▶ Work item: If any record holds an image, omit the image and print the rest exactly.

[Short web captions]
================================

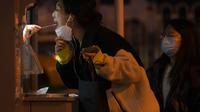 Seorang wanita menjalani swab tenggorokan untuk tes COVID-19 di tempat pengujian virus corona di Beijing, Rabu (9/11/2022). Lonjakan kasus COVID-19 telah mendorong penguncian di pusat manufaktur China selatan Guangzhou, menambah keuangan tekanan yang telah mengganggu rantai pasokan global dan secara tajam memperlambat pertumbuhan ekonomi terbesar kedua di dunia itu. (Foto AP/Mark Schiefelbein)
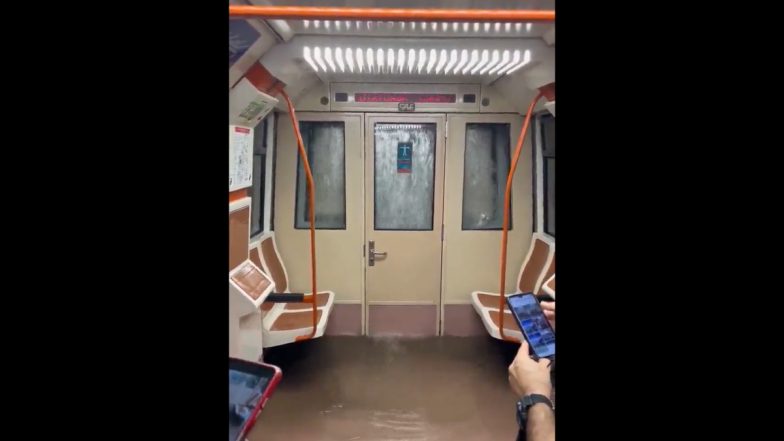 Spain Rains Video: Water Flows Into Subway Car of Madrid's Metro System As Heavy Rainfall Lashes Central Spain, Viral Clip Surfaces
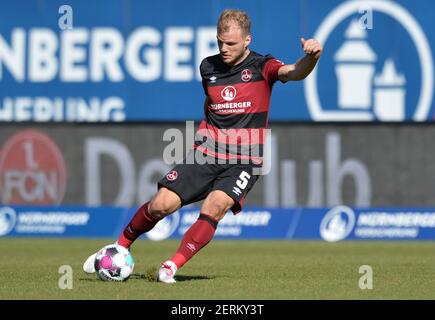 Nürnberg, Deutschland. Februar 2021, 28th. Fußball: 2. Bundesliga, 1. FC Nürnberg - Eintracht Braunschweig, Matchday 23, Max-Morlock-Stadion Nürnberg. Nürnbergs Johannes Geis spielt den Ball. Quelle: Timm Schamberger/dpa - WICHTIGER HINWEIS: Gemäß den Bestimmungen der DFL Deutsche Fußball Liga und/oder des DFB Deutscher Fußball-Bund ist es untersagt, im Stadion und/oder des Spiels aufgenommene Fotos in Form von Sequenzbildern und/oder videoähnlichen Fotoserien zu verwenden oder zu verwenden./dpa/Alamy Live News Stockfoto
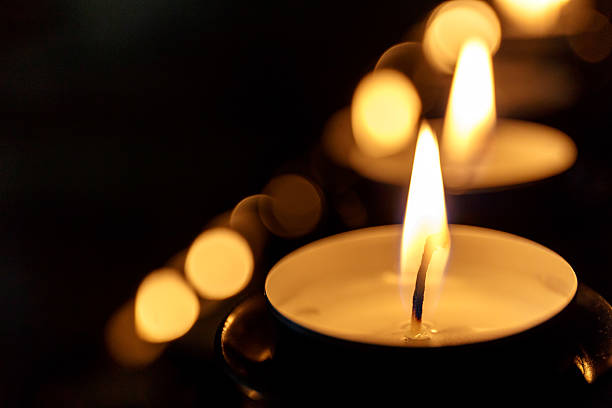 velas de té en la iglesia - tea light fotografías e imágenes de stock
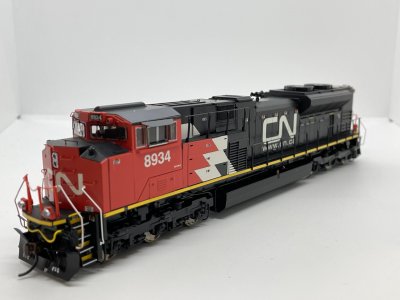 Athearn Genesis G70582 HO - G2 SD70M-2 - DCC Ready - CN #8934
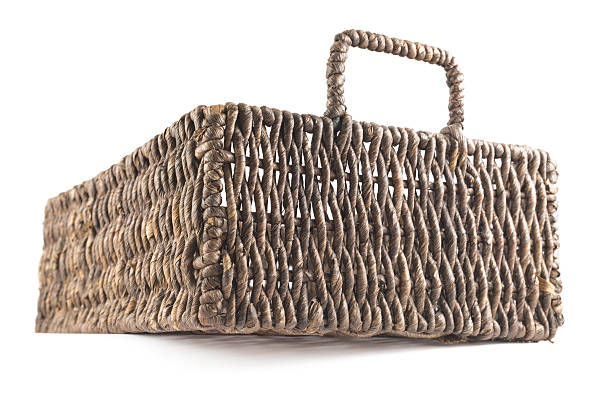 marrón cesta de mimbre aislado - wicker basket store gift shop fotografías e imágenes de stock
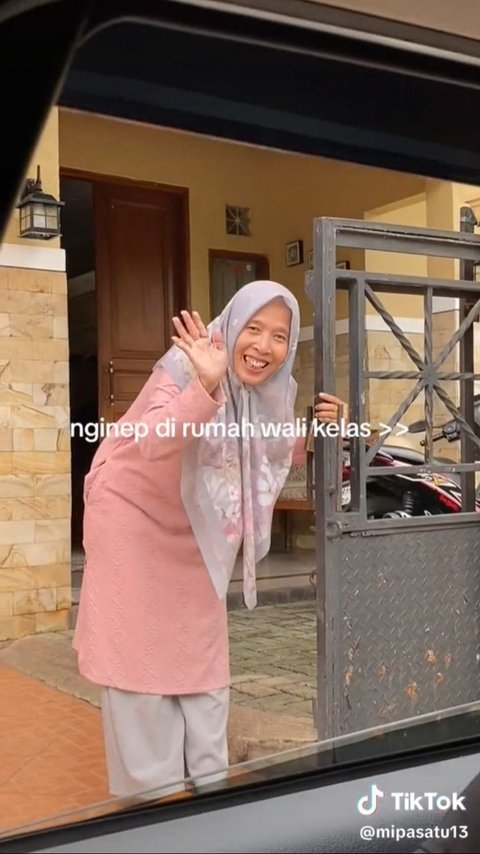 Aksi Sekelompok Siswa Menginap di Rumah Wali Kelasnya Ini Viral, Bikin Iri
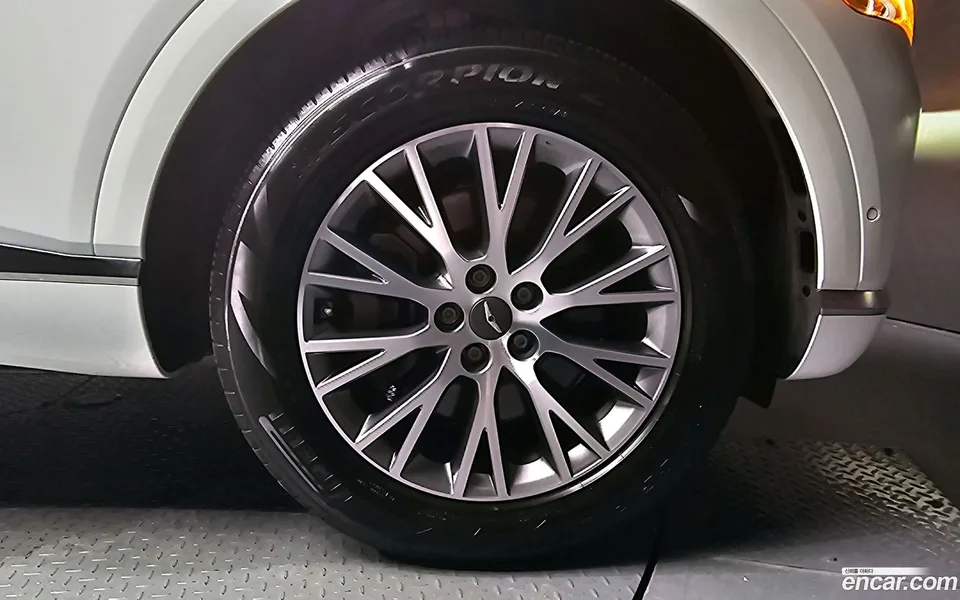 Genesis GV80 2.5T AWD 2023 — миниатюра 5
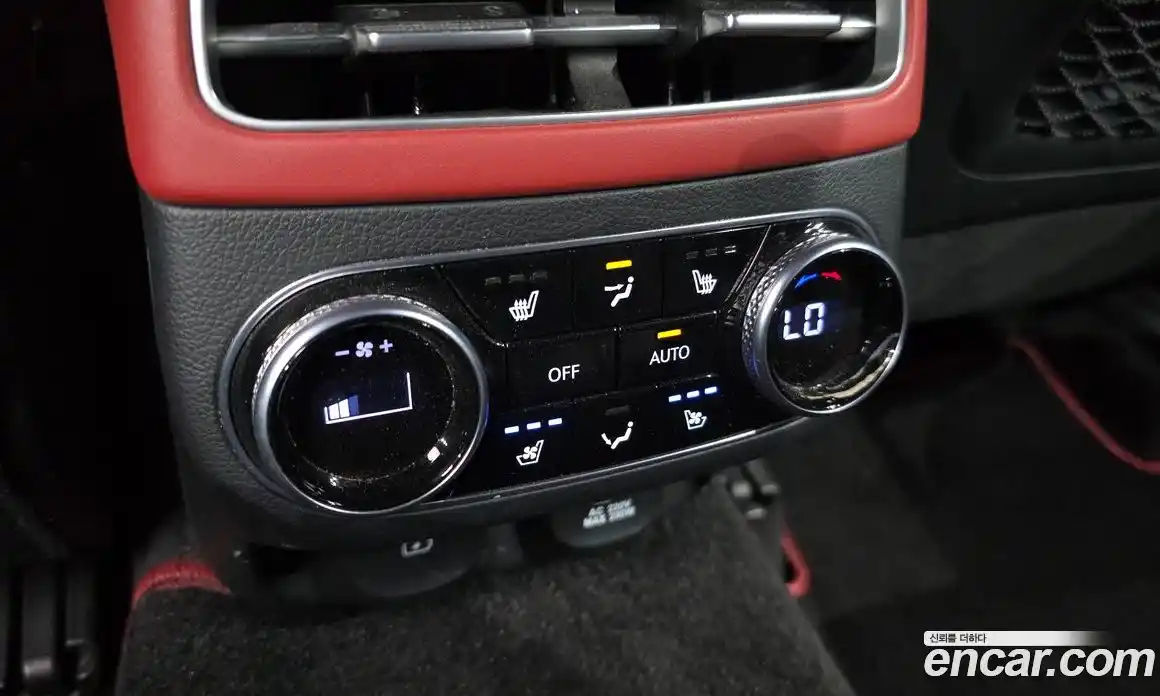 Genesis GV70 2022 2.2 гидро, фото 33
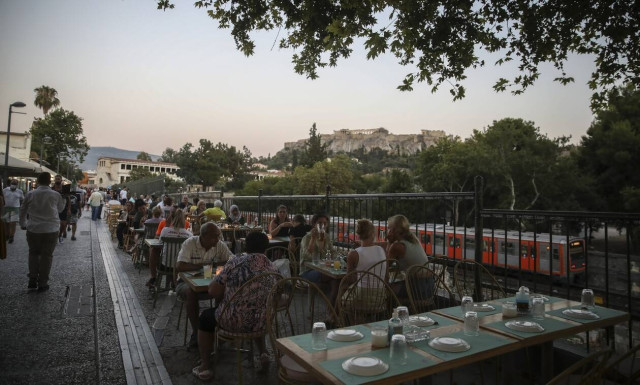 Greece registers 3,270 new coronavirus infections on Sat., 24 deaths; 236 on ventilators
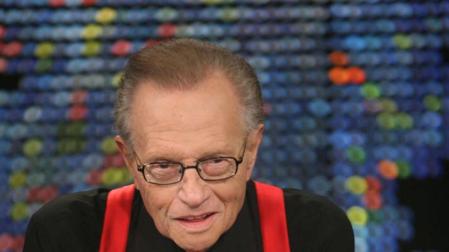 El presentador Larry King, ingresado tras contraer el coronavirus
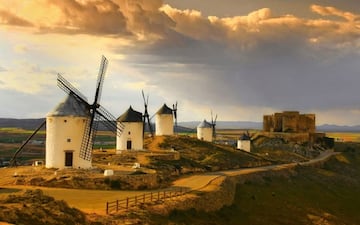 Hablar de Castilla La-Mancha evoca, cómo no, a los molinos que el Quijote llevó por todo el mundo. En Consuegra podemos admirar una de las imágenes más bellas con estas características construcciones, aunque también existen en otros pueblos como Campo de Criptana.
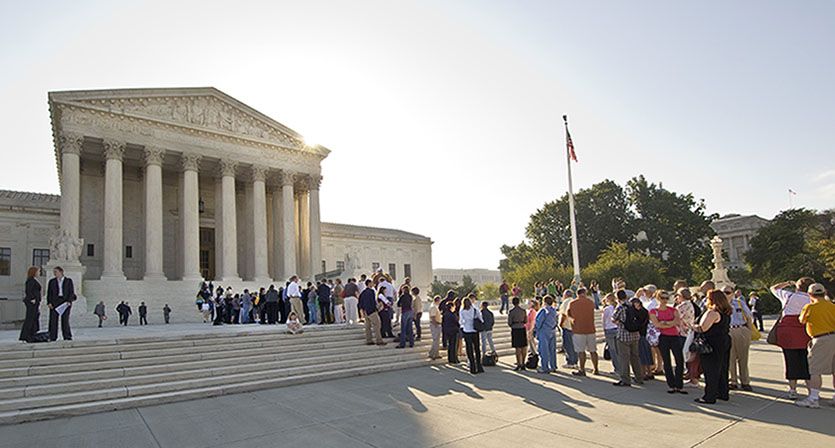 Corte Suprema de Estados Unidos suspende alegatos orales por coronavirus.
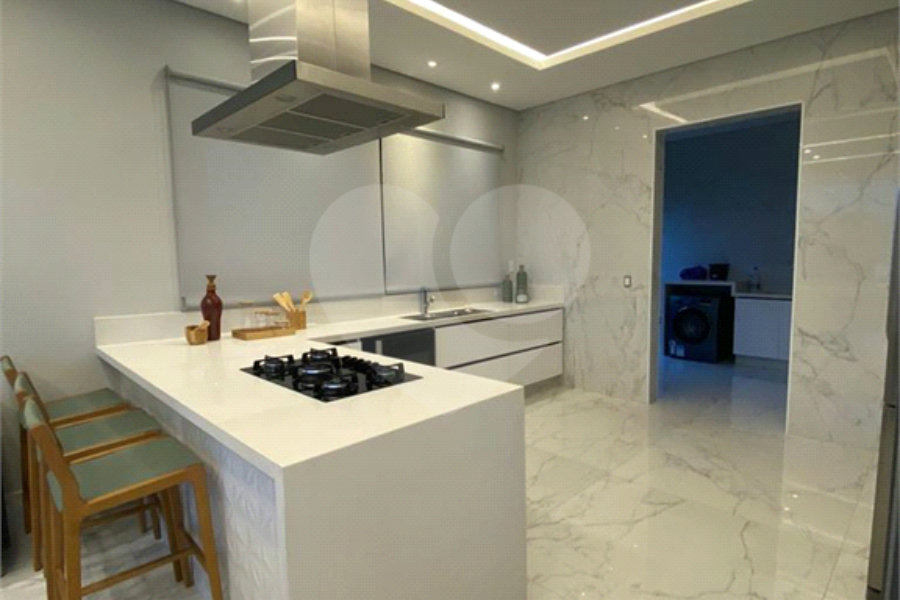 Casa à venda com 4 suítes no condomínio Genessis 2, Santana de Parnaíba - SP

================================

▶ Reply to the task:
 Seorang wanita menjalani swab tenggorokan untuk tes COVID-19 di tempat pengujian virus corona di Beijing, Rabu (9/11/2022). Lonjakan kasus COVID-19 telah mendorong penguncian di pusat manufaktur China selatan Guangzhou, menambah keuangan tekanan yang telah mengganggu rantai pasokan global dan secara tajam memperlambat pertumbuhan ekonomi terbesar kedua di dunia itu. (Foto AP/Mark Schiefelbein)
 Spain Rains Video: Water Flows Into Subway Car of Madrid's Metro System As Heavy Rainfall Lashes Central Spain, Viral Clip Surfaces
 Nürnberg, Deutschland. Februar 2021, 28th. Fußball: 2. Bundesliga, 1. FC Nürnberg - Eintracht Braunschweig, Matchday 23, Max-Morlock-Stadion Nürnberg. Nürnbergs Johannes Geis spielt den Ball. Quelle: Timm Schamberger/dpa - WICHTIGER HINWEIS: Gemäß den Bestimmungen der DFL Deutsche Fußball Liga und/oder des DFB Deutscher Fußball-Bund ist es untersagt, im Stadion und/oder des Spiels aufgenommene Fotos in Form von Sequenzbildern und/oder videoähnlichen Fotoserien zu verwenden oder zu verwenden./dpa/Alamy Live News Stockfoto
 velas de té en la iglesia - tea light fotografías e imágenes de stock
 Athearn Genesis G70582 HO - G2 SD70M-2 - DCC Ready - CN #8934
 marrón cesta de mimbre aislado - wicker basket store gift shop fotografías e imágenes de stock
 Aksi Sekelompok Siswa Menginap di Rumah Wali Kelasnya Ini Viral, Bikin Iri
 Genesis GV80 2.5T AWD 2023 — миниатюра 5
 Genesis GV70 2022 2.2 гидро, фото 33
 Greece registers 3,270 new coronavirus infections on Sat., 24 deaths; 236 on ventilators
 El presentador Larry King, ingresado tras contraer el coronavirus
 Hablar de Castilla La-Mancha evoca, cómo no, a los molinos que el Quijote llevó por todo el mundo. En Consuegra podemos admirar una de las imágenes más bellas con estas características construcciones, aunque también existen en otros pueblos como Campo de Criptana.
 Corte Suprema de Estados Unidos suspende alegatos orales por coronavirus.
 Casa à venda com 4 suítes no condomínio Genessis 2, Santana de Parnaíba - SP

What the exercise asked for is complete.